1. What is a small business line of credit?

A business line of credit is just as it sounds: It is credit that the business owner can draw from as needed. The lender will set a maximum amount that the business owner can draw, but otherwise, you can pull funds as you need them. It’s a little bit like a credit card on a much larger scale; you can’t exceed your credit limit but otherwise, you’re good to go. And of course, you’ll have to pay interest on your balance.

2. How does a small business line of credit work?

They generally do not charge interest on the unused credit amount until the business owner uses those funds. Some business owners use these funds to run their business operations or as needed when a cash flow emergency arises. Business lines of credit are intended to be used for temporary, short-term business funding needs. A payroll shortage, buying extra seasonal inventory, vendor invoices, and purchasing new business or supplies are all reasons why a business owner might tap into their business line of credit.

As with any business financing decision, there are pros and cons. The pros include:

  1. immediate access to working capital
  2. only paying interest when funds are drawn
  3. access to immediate funds to help cover a broad variety of business needs.

The cons of could include:

  1. potentially high-interest rates
  2. occasional need for up-front collateral
  3. business owners may be asked to update records and lender documents regarding the line of credit

As a savvy business owner, it’s important to weigh the pros and cons to decide if a business line of credit is a viable funding option for your small business.
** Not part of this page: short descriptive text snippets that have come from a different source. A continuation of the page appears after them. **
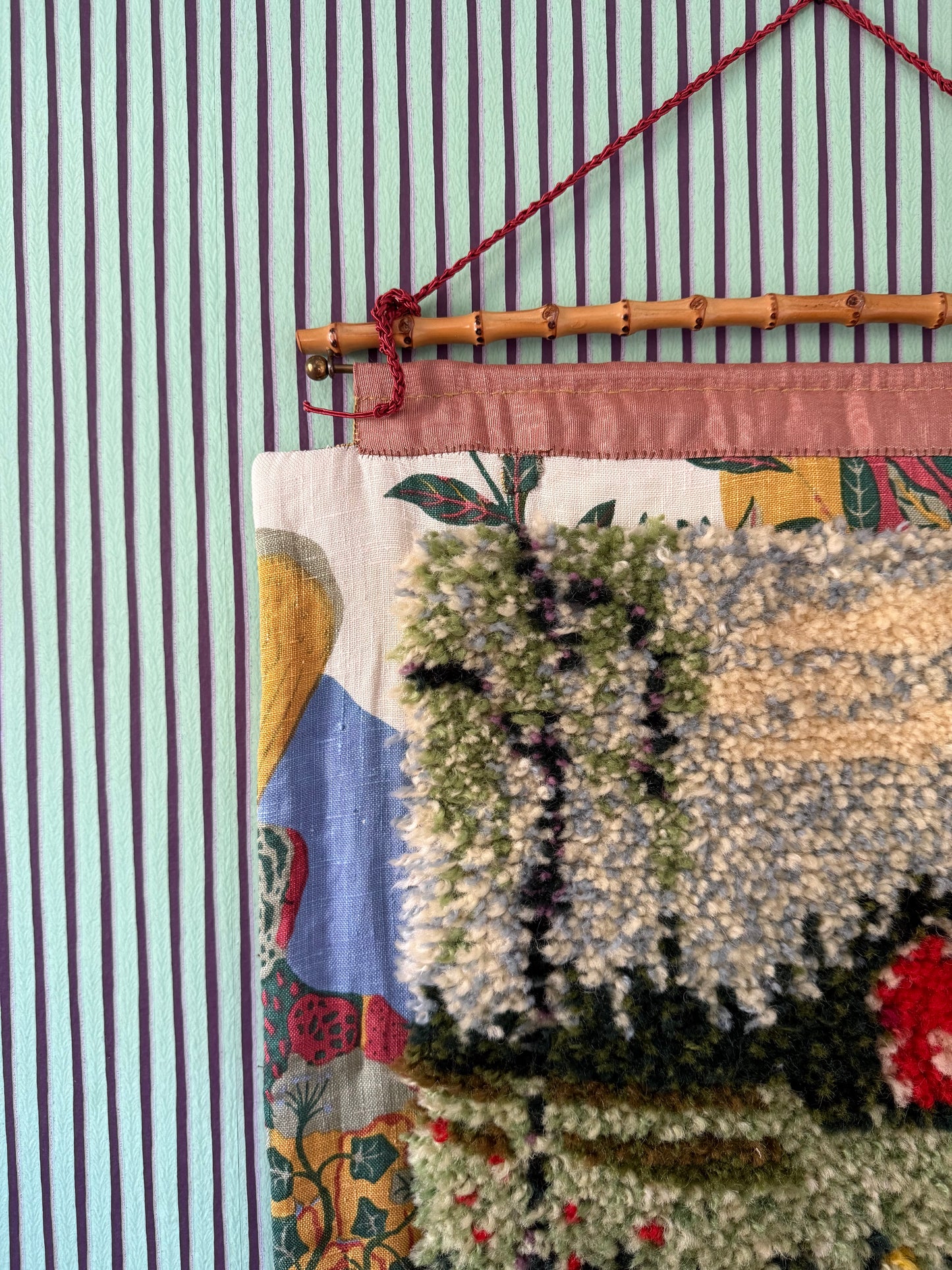 RUG ON WALL - CRÈME de la CRÈME à la HELLE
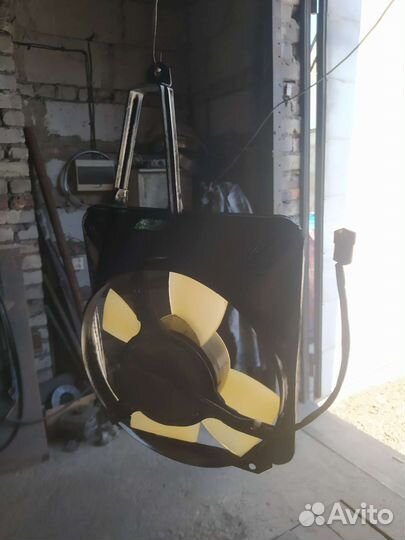 Вентилятор с электродвигателем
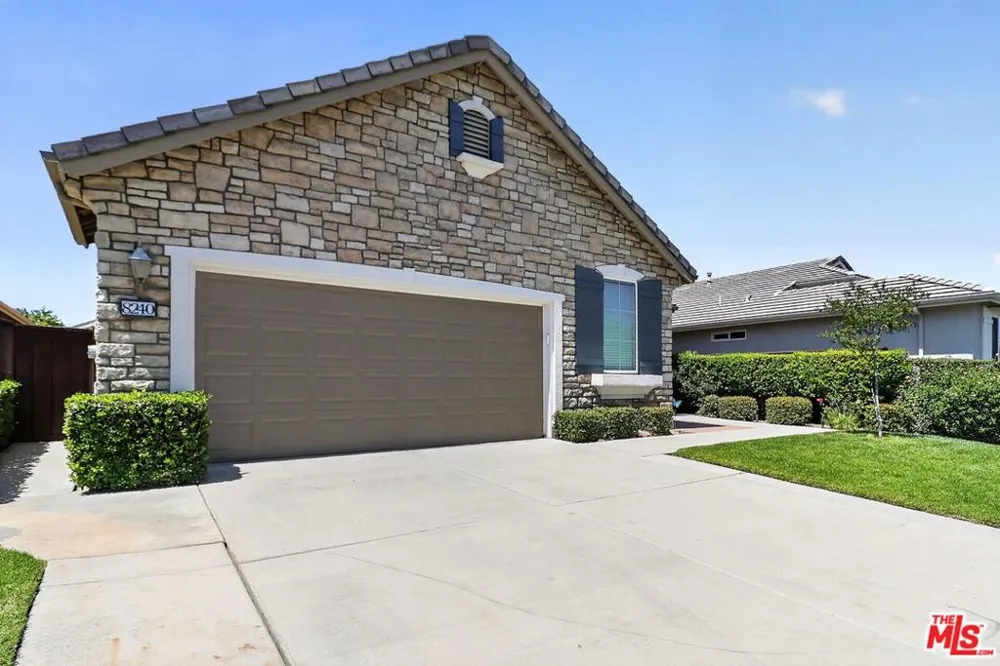 8240 Campbell Court Hemet, CA 92545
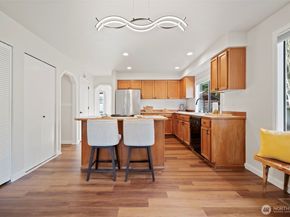 5615 114th Street SW, Mukilteo WA 98275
If you do decide to pursue a business line of credit, you should make sure that the lender adheres to the tenets of The Small Business Borrower’s Bill of Rights.

For other lending and financing options available to your small business, visit our resource Funding Options to Start and Grow Your Small Business.

3. How do you get a small business line of credit?

It is a kind of loan, so the process for securing a business line of credit is similar to that of applying for any other business loan. You’ll need to prepare documents and an application; you’ll probably need to provide a business plan to reassure the bank that you have a strategy for coming up with the cash you’ll need to pay them. For more on general small business loan prep, including the documents and materials you’ll need, visit our resource Get Your First Small Business Loan.

The strength of your application will determine how large a line of credit you can get and what your interest rate will be. As with any major financial decision, you should shop around and see what kind of deal you can get at various banks and lending institutions. Don’t forget to check with your local banks; they may be more willing to work with small businesses than national or international institutions.

Draw When You Need It

A business line of credit is a particularly flexible tool to keep in your back pocket. You don’t necessarily want to depend on it as a regular source of cash given the interest you’ll have to pay, but it can be a lifesaver if you have a cash shortage. In some cases, a business line of credit may be a helpful financing tool, but you should meet with your financial advisor to determine whether that’s the best option for your business needs.